---------- Input records

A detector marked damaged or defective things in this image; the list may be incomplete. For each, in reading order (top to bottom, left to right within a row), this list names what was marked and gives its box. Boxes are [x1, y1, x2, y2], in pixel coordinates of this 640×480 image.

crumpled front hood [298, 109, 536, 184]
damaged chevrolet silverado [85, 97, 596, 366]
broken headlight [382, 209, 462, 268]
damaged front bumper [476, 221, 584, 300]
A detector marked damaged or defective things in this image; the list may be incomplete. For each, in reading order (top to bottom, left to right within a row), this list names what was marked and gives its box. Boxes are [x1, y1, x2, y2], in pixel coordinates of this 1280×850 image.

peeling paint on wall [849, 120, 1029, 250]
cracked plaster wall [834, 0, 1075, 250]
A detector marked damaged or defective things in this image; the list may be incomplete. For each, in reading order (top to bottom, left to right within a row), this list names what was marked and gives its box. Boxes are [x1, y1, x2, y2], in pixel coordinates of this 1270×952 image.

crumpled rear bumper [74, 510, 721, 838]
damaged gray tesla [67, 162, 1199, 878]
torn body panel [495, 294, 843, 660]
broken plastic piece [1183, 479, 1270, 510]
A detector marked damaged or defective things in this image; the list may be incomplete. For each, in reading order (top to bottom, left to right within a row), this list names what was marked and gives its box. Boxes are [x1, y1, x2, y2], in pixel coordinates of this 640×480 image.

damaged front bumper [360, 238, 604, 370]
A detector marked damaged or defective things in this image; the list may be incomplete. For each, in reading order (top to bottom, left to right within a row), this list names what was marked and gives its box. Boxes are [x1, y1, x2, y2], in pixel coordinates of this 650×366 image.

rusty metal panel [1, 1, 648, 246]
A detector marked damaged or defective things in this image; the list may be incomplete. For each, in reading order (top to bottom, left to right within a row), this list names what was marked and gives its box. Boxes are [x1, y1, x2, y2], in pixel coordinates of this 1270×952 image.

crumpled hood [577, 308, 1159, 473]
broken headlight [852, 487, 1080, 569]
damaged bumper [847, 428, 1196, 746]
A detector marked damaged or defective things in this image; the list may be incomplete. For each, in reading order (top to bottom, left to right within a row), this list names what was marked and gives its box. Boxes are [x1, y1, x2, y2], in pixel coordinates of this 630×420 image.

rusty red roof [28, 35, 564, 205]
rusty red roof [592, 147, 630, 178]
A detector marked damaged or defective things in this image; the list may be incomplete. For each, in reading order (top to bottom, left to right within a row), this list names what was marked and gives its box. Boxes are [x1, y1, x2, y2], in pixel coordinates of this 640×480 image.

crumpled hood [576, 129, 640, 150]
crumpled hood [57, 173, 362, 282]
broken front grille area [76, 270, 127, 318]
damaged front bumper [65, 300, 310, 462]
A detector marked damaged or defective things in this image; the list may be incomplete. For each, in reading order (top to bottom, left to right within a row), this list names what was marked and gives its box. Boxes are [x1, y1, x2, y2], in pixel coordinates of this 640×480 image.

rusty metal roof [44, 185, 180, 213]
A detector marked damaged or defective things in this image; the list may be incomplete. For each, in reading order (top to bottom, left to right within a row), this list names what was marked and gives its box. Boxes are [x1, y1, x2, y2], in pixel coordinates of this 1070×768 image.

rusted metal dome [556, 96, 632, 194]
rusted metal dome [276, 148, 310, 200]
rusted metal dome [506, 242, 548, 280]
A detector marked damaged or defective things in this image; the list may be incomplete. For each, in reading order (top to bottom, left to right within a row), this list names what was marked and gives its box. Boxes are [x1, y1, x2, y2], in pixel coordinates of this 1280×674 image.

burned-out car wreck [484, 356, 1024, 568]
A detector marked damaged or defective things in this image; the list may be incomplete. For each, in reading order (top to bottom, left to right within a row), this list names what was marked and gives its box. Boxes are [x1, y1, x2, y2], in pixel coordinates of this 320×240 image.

--------------------

— Exercise details —
Your answer is the line containing "this 1280×674 image." plus every line after it through the end of the entries, given again exactly and alone.

— Written response —
A detector marked damaged or defective things in this image; the list may be incomplete. For each, in reading order (top to bottom, left to right within a row), this list names what was marked and gives its box. Boxes are [x1, y1, x2, y2], in pixel coordinates of this 1280×674 image.

burned-out car wreck [484, 356, 1024, 568]
A detector marked damaged or defective things in this image; the list may be incomplete. For each, in reading order (top to bottom, left to right within a row), this list names what was marked and gives its box. Boxes are [x1, y1, x2, y2], in pixel coordinates of this 320×240 image.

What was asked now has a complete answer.